> _Prompt_:
Copy the lines below verbatim, but only from the line containing "Today’s harvest: pumpkins, gourds, &" through the end of the data.
-- Entries supplied follows --
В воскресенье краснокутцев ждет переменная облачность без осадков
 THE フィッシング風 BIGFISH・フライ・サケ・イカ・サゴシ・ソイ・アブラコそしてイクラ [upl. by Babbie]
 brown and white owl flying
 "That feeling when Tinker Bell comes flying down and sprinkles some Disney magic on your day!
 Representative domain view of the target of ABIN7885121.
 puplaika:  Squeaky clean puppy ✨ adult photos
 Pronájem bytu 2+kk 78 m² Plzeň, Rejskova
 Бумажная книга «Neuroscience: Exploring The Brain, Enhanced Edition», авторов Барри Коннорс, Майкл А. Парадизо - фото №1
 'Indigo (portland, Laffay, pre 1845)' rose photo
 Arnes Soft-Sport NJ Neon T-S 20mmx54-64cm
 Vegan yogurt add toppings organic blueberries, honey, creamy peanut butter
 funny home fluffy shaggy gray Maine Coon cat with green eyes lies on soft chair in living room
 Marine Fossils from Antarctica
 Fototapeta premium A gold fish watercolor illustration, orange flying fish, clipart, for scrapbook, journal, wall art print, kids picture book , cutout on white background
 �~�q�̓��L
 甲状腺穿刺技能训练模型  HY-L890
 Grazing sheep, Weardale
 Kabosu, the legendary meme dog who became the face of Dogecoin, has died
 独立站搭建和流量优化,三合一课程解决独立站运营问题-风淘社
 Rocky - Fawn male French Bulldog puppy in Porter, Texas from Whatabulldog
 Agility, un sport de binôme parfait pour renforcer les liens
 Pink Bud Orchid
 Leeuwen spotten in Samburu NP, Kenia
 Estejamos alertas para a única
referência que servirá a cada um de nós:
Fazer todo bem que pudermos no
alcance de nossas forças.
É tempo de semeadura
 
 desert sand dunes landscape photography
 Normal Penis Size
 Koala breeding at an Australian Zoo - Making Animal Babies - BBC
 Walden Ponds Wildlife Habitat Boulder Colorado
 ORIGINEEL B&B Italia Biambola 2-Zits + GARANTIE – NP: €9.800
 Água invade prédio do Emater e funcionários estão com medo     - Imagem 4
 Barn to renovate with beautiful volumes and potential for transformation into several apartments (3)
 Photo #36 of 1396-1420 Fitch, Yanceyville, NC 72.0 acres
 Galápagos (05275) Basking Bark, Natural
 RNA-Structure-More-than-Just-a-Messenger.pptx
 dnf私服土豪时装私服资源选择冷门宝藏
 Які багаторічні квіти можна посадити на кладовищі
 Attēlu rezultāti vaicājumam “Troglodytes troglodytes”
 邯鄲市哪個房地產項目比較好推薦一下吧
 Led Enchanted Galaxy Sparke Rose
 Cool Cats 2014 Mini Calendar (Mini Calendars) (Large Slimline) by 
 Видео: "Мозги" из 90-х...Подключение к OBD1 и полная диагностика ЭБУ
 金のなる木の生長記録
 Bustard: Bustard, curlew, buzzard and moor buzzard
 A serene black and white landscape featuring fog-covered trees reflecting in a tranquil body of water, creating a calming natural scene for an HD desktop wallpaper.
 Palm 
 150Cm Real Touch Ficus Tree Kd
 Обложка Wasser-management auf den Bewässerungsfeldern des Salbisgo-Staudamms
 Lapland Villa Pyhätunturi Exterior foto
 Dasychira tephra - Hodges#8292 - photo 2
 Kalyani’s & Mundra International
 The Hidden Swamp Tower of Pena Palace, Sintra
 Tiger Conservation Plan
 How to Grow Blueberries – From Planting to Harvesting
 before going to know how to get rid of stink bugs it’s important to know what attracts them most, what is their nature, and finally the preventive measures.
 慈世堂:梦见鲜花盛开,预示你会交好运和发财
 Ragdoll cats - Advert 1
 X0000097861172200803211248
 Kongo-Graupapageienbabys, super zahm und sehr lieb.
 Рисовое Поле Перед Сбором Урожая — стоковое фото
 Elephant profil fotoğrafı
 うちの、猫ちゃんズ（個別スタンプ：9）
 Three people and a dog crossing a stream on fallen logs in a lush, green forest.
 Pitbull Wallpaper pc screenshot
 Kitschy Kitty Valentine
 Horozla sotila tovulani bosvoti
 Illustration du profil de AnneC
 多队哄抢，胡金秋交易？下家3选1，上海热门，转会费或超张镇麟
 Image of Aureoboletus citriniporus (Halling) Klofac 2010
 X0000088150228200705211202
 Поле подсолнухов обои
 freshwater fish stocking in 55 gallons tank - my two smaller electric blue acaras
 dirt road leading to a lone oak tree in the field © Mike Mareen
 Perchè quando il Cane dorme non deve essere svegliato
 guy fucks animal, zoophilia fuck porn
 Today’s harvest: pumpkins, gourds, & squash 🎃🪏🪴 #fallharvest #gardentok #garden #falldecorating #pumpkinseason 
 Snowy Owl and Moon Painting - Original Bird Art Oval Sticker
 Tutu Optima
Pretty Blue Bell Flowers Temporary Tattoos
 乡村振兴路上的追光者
-- Entries supplied concluded --
> _Your response_:
 Today’s harvest: pumpkins, gourds, & squash 🎃🪏🪴 #fallharvest #gardentok #garden #falldecorating #pumpkinseason 
 Snowy Owl and Moon Painting - Original Bird Art Oval Sticker
 Tutu Optima
Pretty Blue Bell Flowers Temporary Tattoos
 乡村振兴路上的追光者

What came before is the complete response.